With my modifications, a command like this:
generate-cases.py memcpy_armv6m_test.S gen /ns
Using this template ("memcpy_armv6m_test.S"):
/* Template for memcpy ARMv6M implementation cases
// Test cases
miwo: 0, 1, 2
mssp: 0, 1, 2
opxip: 0, 1
opsz: 0, 1, 2
msup: 0, 1
// Grouped cases
=: miwo 0; opsz 0
=: miwo 0; opsz 1
=: miwo 0; opsz 2
// Skip cases
// msup only used when mssp is 2
-: mssp 0,1; msup 1
// opxip not used when mssp is 0
-: mssp 0; opxip 1
*/
#define MEMCPY_ARMV6M_MISALIGNED_COPY_LOOP_WORDS ({miwo})

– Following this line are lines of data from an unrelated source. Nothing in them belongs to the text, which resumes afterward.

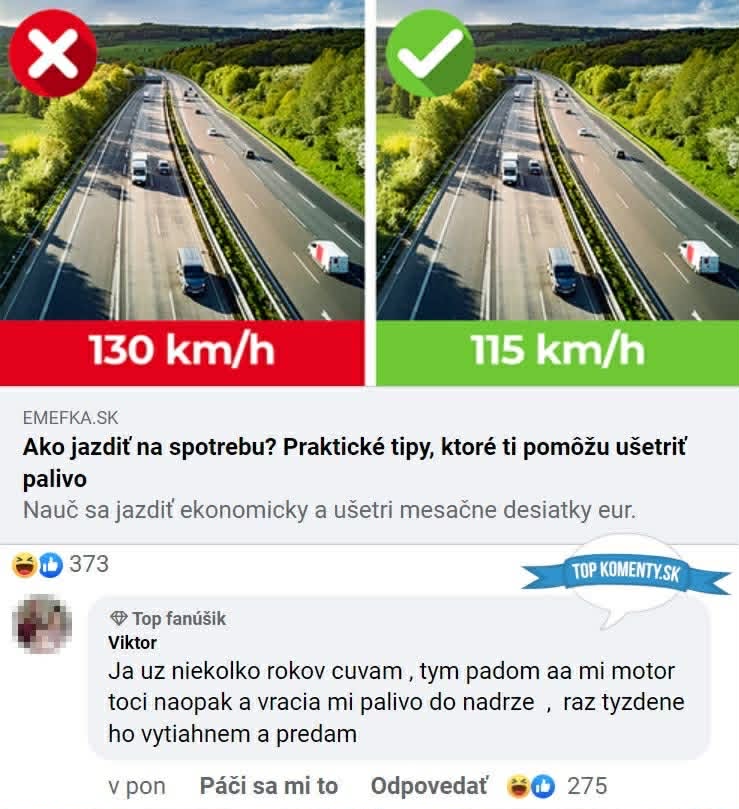 Jazda 115 km/h šetrí palivo viac než rýchlosť 130 km/h; ekonomická jazda zníži náklady.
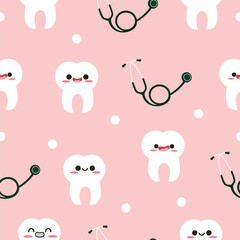 Seamless pattern with cute teeth and stethoscope in kawaii style. Suitable for wallpaper, background, wrapping paper, fabrics, textile, packaging, etc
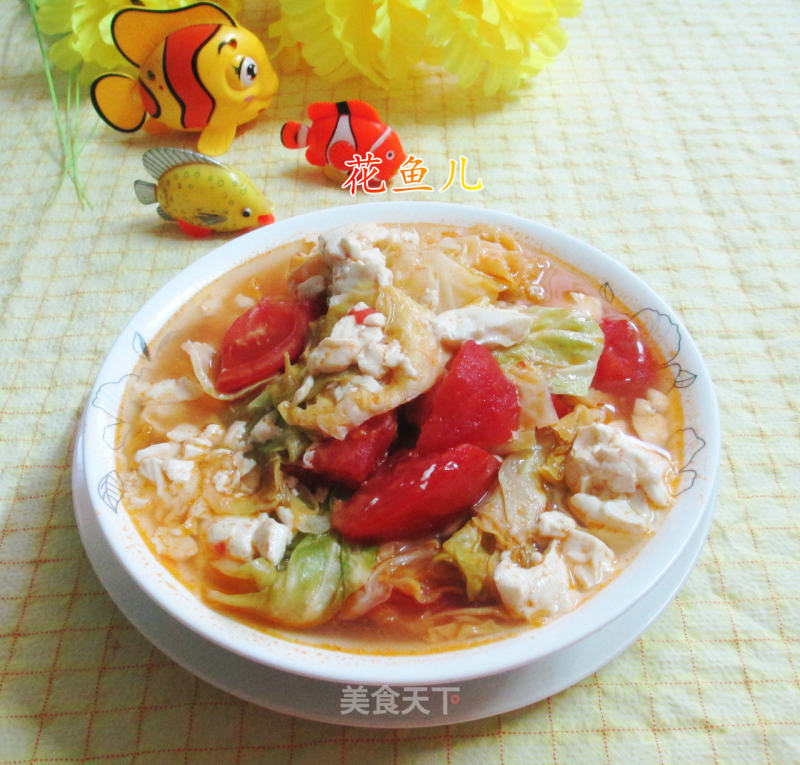 Boiled Tofu with Tomato and Cabbage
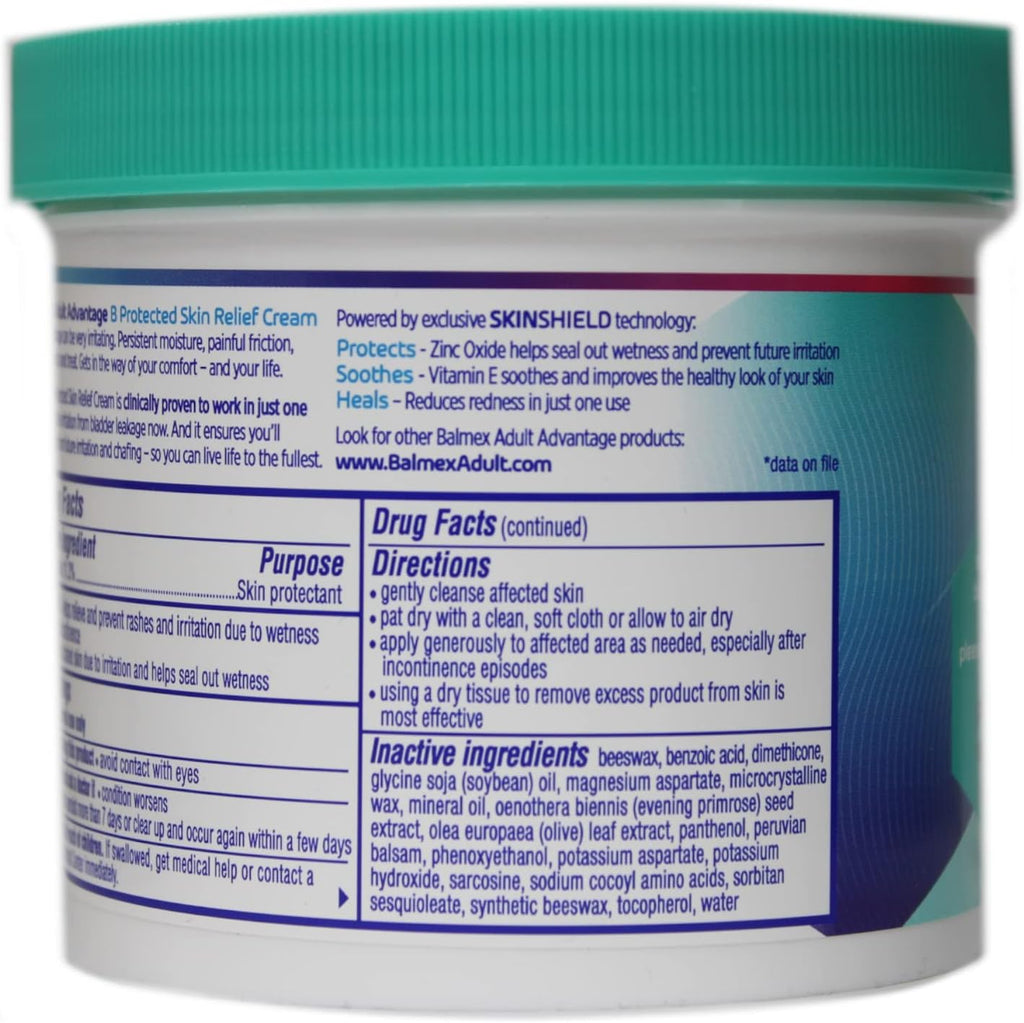Adult Zinc Oxide Rash Cream – Soothing Skin Protectant and Irritation Relief, Unscented – 12 oz Tube (pack of 06)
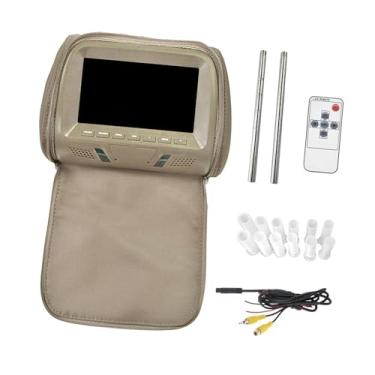 Imagem de predolo de encosto de cabeça de carro com tela de 7 polegadas, display AV DC12V, acessórios pretos, tela LCD para banco traseiro, Bege com Zíper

#define MEMCPY_ARMV6M_MED_SIZE_SPEED ({mssp})
#define MEMCPY_ARMV6M_OPTIMIZE_XIP_MEMORY_READ ({opxip})
#define MEMCPY_ARMV6M_OPTIMIZE_SIZE ({opsz})
#define MEMCPY_ARMV6M_MED_SIZE_UPWARDS ({msup})
#define MEMCPY_ARMV6M_FUNCTION_NAME {testcaseFilename}
#define MEMCPY_ARMV6M_FUNCTION_END_SIGNATURE 1
#include "..\..\memcpy_armv6m.S"
Generates files like this ("memcpy_armv6m_test_miwo_0_mssp_0_opxip_0_opsz_0_msup_0.S" in subfolder "gen"):
/* memcpy armv6 implementations
// Test cases
miwo: 0, 1, 2
mssp: 0, 1, 2
opxip: 0, 1
opsz: 0, 1, 2
msup: 0, 1
// Grouped cases
=: miwo 0; opsz 0
=: miwo 0; opsz 1
=: miwo 0; opsz 2
// Skip cases
// msup only used when mssp is 2
-: mssp 0,1; msup 1
// opxip not used when mssp is 0
-: mssp 0; opxip 1
*/
#define MEMCPY_ARMV6M_MISALIGNED_COPY_LOOP_WORDS (0)
#define MEMCPY_ARMV6M_MED_SIZE_SPEED (0)
#define MEMCPY_ARMV6M_OPTIMIZE_XIP_MEMORY_READ (0)
#define MEMCPY_ARMV6M_OPTIMIZE_SIZE (0)
#define MEMCPY_ARMV6M_MED_SIZE_UPWARDS (0)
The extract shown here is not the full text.